Prima il furto di migliaia di e-mail dall'archivio del Partito Democratico, poi l'attacco a Yahoo. Gli hacker hanno colpito nel segno ma che dietro questo meticoloso lavoro di pirateria informatica ci possano essere addirittura i servizi segreti di Mosca è tutto da dimostrare. L'America democratica grida la sua indignazione e punta il dito su Vladimir Putin: la senatrice Dianne Feinstein e il deputato Adam Schiff - ambedue membri di spicco della Commissione parlamentare sui servizi che hanno accesso a informazioni 'top secret' - lo hanno accusato apertamente, forti anche del parere del numero uno dell'intelligence statunitense, James Clapper.
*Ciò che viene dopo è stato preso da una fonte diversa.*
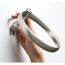 Hamden Spot Resist Towel Ring, MY6286BN (Brushed Nickel)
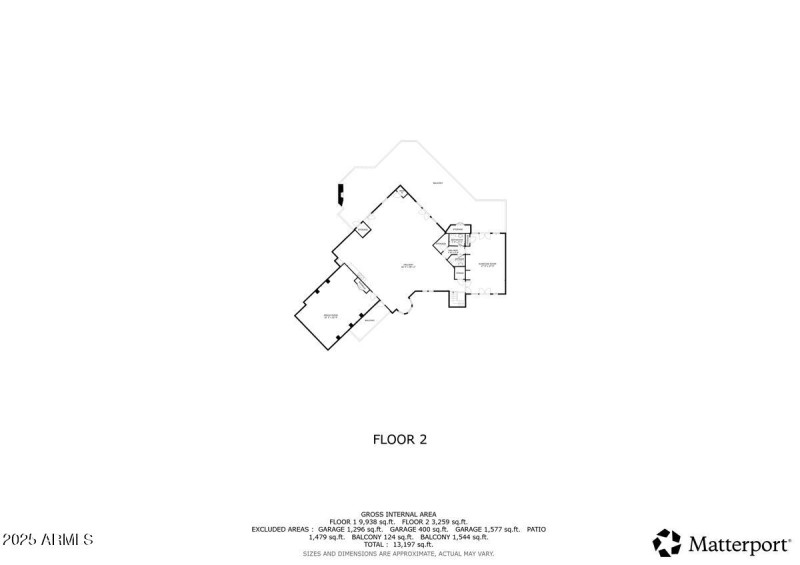 Floor 2 24163 N 91st Street Scottsdale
Secondo questa visione, il Cremlino sta cercando di influenzare il voto per le presidenziali dell'8 novembre. Sarebbe una novità storica, considerato che nemmeno i grantici segretari dell'URSS ai tempi della guerra fredda erano arrivati a tanto. Quello di influenzare le sorti elettorali altrui con le buone o con le cattive maniere, del resto, è una sana abitudine statunitense e fa male ritrovarsela a casa propria.

Ironie a parte, per gli States sarebbe sicuramente una falla non trascurabile ed in merito le indagini dell'FBI non stanno tralasciando nessun dettaglio. Nel mirino dei Federali ci sarebbe, in particolare, Carter Page. Costui è un uomo d'affari molto vicino a Donald Trump nel ruolo di consigliere per la politica estera ed il sospetto è che possa aver avviato, in qualche modo, contatti con esponenti del governo russo.
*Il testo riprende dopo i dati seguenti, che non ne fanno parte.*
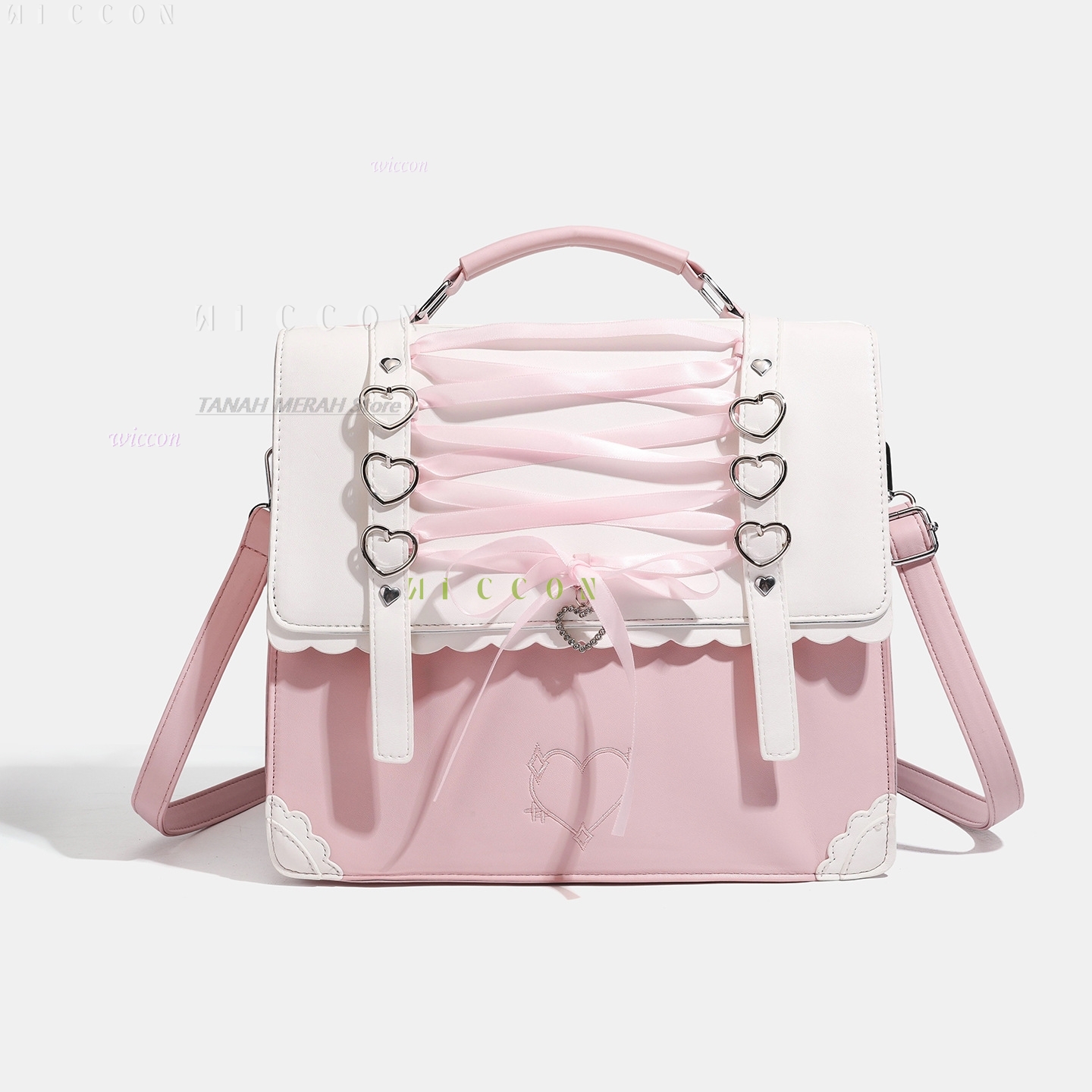 Jirai kei - Bolso Ita estilo L - Women Bags Crossbody reseña y precio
La questione al centro di questi presunti colloqui sarebbe la rimozione delle sanzioni nei confronti di Mosca relative all'annessione della Crimea. Tutto ciò, ovviamente, nel caso di una vittoria elettorale di Trump.

Il clima da guerra fredda

Per il momento ci muoviamo lungo confini di un'articolata spy-story ma che a Washington e dintorni ci siano più pareri propensi a questi sospetti ci spinge a considerarla fondata.I rapporti tra Stati Uniti e Russia sono ai minimi storici e possiamo ben dire che non sono mai stati così tesi dalla disgregazione dell'URSS ad oggi. La questione siriana ha dato il suo contributo a questo stato di cose ma, proprio in Siria, è Putin a reggere il coltello dalla parte del manico.

Non è da escludere che le parti, nonostante una dichiarata mancanza di fiducia reciproca, possano tornare a sedersi al tavolo delle trattive ma nel frattempo la Russia continua le sue operazioni militari a supporto del regime di Damasco. Che la guerra continui o meno, Putin resta il grande arbitro di questa partita: gli Stati Uniti non hanno alleati credibili e si sono rivelati incapaci di rispettare l'unica condizione imposta dalla Russia dai famosi accordi di Ginevra. Oggi il Cremlino sta pensando di spostare la sua delicata partita direttamente a Washington? Forse la sta giocando da tempo e gli allarmi lanciati da Hillary Clinton e dal suo entourage celano in maniera maldestra la paura di un avversario che è diventato forte, molto più forte di ciò che si supponeva soltanto pochi anni fa.